The protocol to prepare this nanocarbon electrode is easy to operate, safe, stable and highly reproducible, which facilitates the development of single-use disposable sensors using this material. We tested the single-use nanocarbon electrodes in real samples, i.e. river water and green tea, and accurately detected levels of HQ and catechol. This successful measurement in real contexts with a facile and biodegradable system paves the way for low-cost industrial scale monitoring of phenolic compounds.

Methods

Materials and reagents

The commercial Monarch 430 amorphous carbon (Cabot Corporation, CB M 430) was purchased from James M Brown Ltd (Staffordshire, UK). Graphene nano-platelets of 3 μm diameter and less than 10 nm thickness were acquired from Angstrom materials. The nanodiamond powder (ND-105/G4) was purchased from Yorkshire Bioscience Ltd. Other chemicals were obtained from Sigma-Aldrich unless otherwise stated.

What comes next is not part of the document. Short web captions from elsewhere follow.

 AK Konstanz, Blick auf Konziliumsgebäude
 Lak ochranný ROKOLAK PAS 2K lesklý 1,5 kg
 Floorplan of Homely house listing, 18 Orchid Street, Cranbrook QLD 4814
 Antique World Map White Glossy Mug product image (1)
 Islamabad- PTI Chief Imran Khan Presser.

Preparation of modified electrodes by microbead-assisted ultrasonic disintegration

Glassy carbon electrodes were cleaned before use by polishing with alumina powder, which was then removed by ultrasonication in water for 3 min. A total of 5 g milling beads were mixed with 1 mg powder of carbon nanomaterials and 5 mL Milli-Q water. The mixture was sonicated for 12 h, and then centrifuged (3 × 5 min, 10,000 rpm). Ten microlitre carbon materials suspensions were drop-coated onto a glassy carbon electrode with a surface area of 0.0707 cm2, and subsequently dried in the fume hood. Tyrosinase-modified electrodes used to detect phenol and cresol were prepared by dropping 10 μL 1 mg mL−1 tyrosinase solution onto the electrode surface and dried for 1 h (Tyr/nanocarbon-GCE). The protocol is illustrated in Fig. 1.

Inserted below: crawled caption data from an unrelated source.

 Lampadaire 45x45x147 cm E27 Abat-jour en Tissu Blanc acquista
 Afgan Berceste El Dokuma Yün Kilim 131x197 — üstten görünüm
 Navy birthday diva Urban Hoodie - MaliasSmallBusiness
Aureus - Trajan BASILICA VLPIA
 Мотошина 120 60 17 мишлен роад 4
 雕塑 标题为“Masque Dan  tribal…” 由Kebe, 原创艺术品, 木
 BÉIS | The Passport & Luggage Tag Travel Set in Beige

Electrochemical measurements

Electrochemical measurements were performed at room temperature (20 ± 2 ℃) with μ-AUTOLAB III potentiostat (Eco-Chemie, Netherlands), running GPES software (Version 4.9). A three-electrode system was used consisting of a working electrode, a Pt wire as counter electrode and an Ag/AgCl reference electrode. Electrochemical experiments were carried out in 0.1 M phosphate buffer solution (pH 7.4) at room temperature. All solutions and subsequent dilutions were prepared with Milli-Q water ( > 18 MΩ cm). The SWV used frequency of 10 Hz, sensitivity of 1 mV and amplitude of 10 mV.

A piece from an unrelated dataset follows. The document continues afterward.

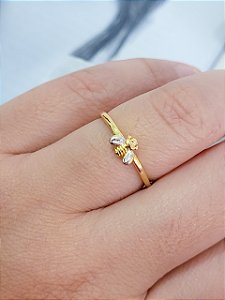 Anel Abelha Minimalista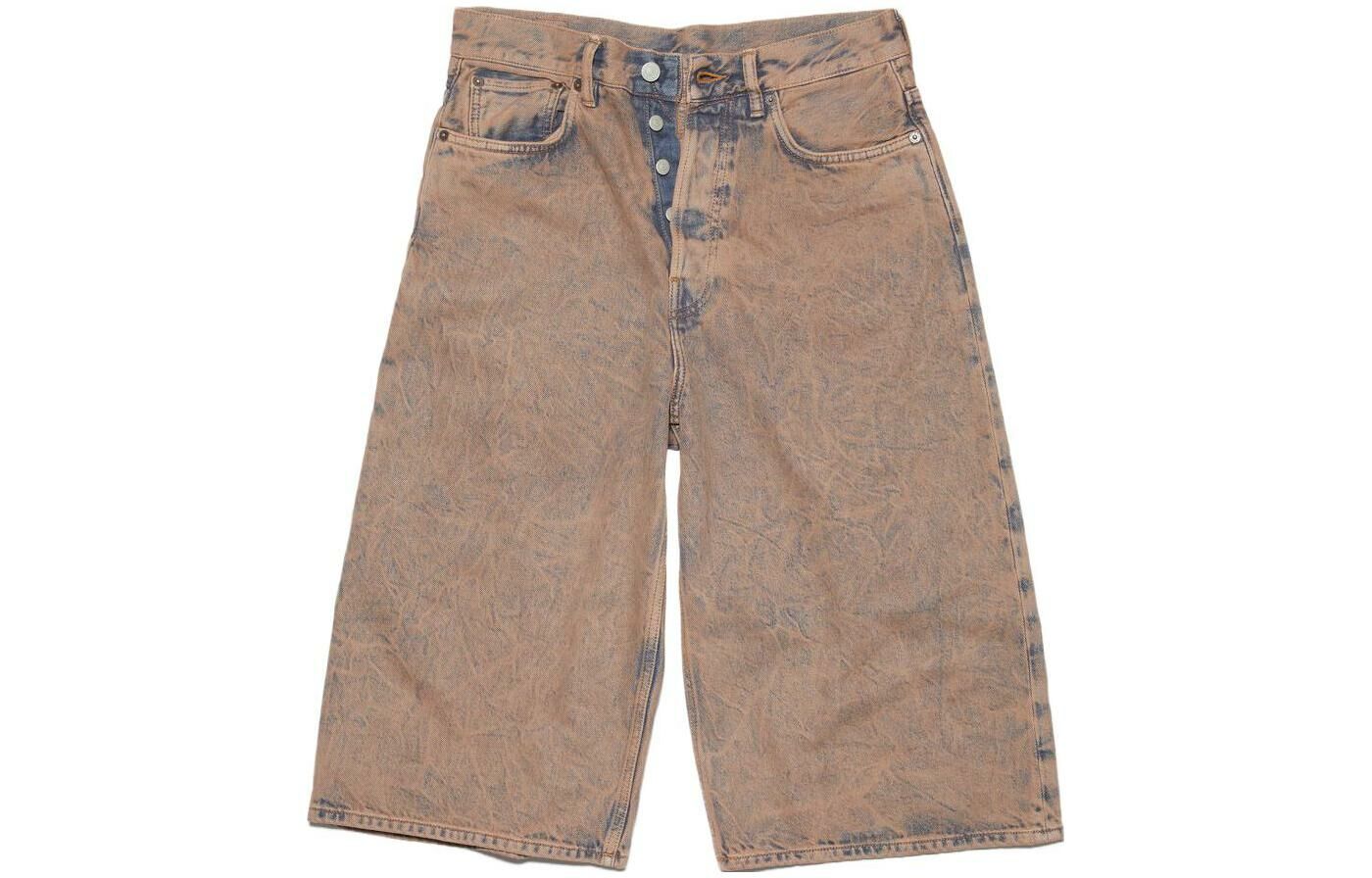 【代購】Acne Studios Denim Shorts Unisex Pink Gray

Size characterisation by dynamic light scattering

Dynamic light scattering (Viscotek, Malvern) was used to measure the hydrodynamic diameter of the carbon nanomaterials. The average size of graphene was about 80 nm initially and it reduced to 56 nm after sonication. Nanocarbon powder had initial sizes of 50–70 nm and decreased to 5–8 nm after sonication. The size of nanodiamonds was measured to be 4–5 nm.

River water and tea sample preparation

A total of 0.1 M phosphate buffer was prepared using river water collected from the Thames River (Oxford). Tea samples were prepared by adding 2.5 g green tea (Twinings) into 50 mL 80 °C Milli-Q water for 5 min. Tea leaves were then removed and the sample was filtered using a 11 μm pore-size filter (Whatman, Grade 1).

Data and code availability

The data that support the findings of this study are available from the corresponding author upon reasonable request.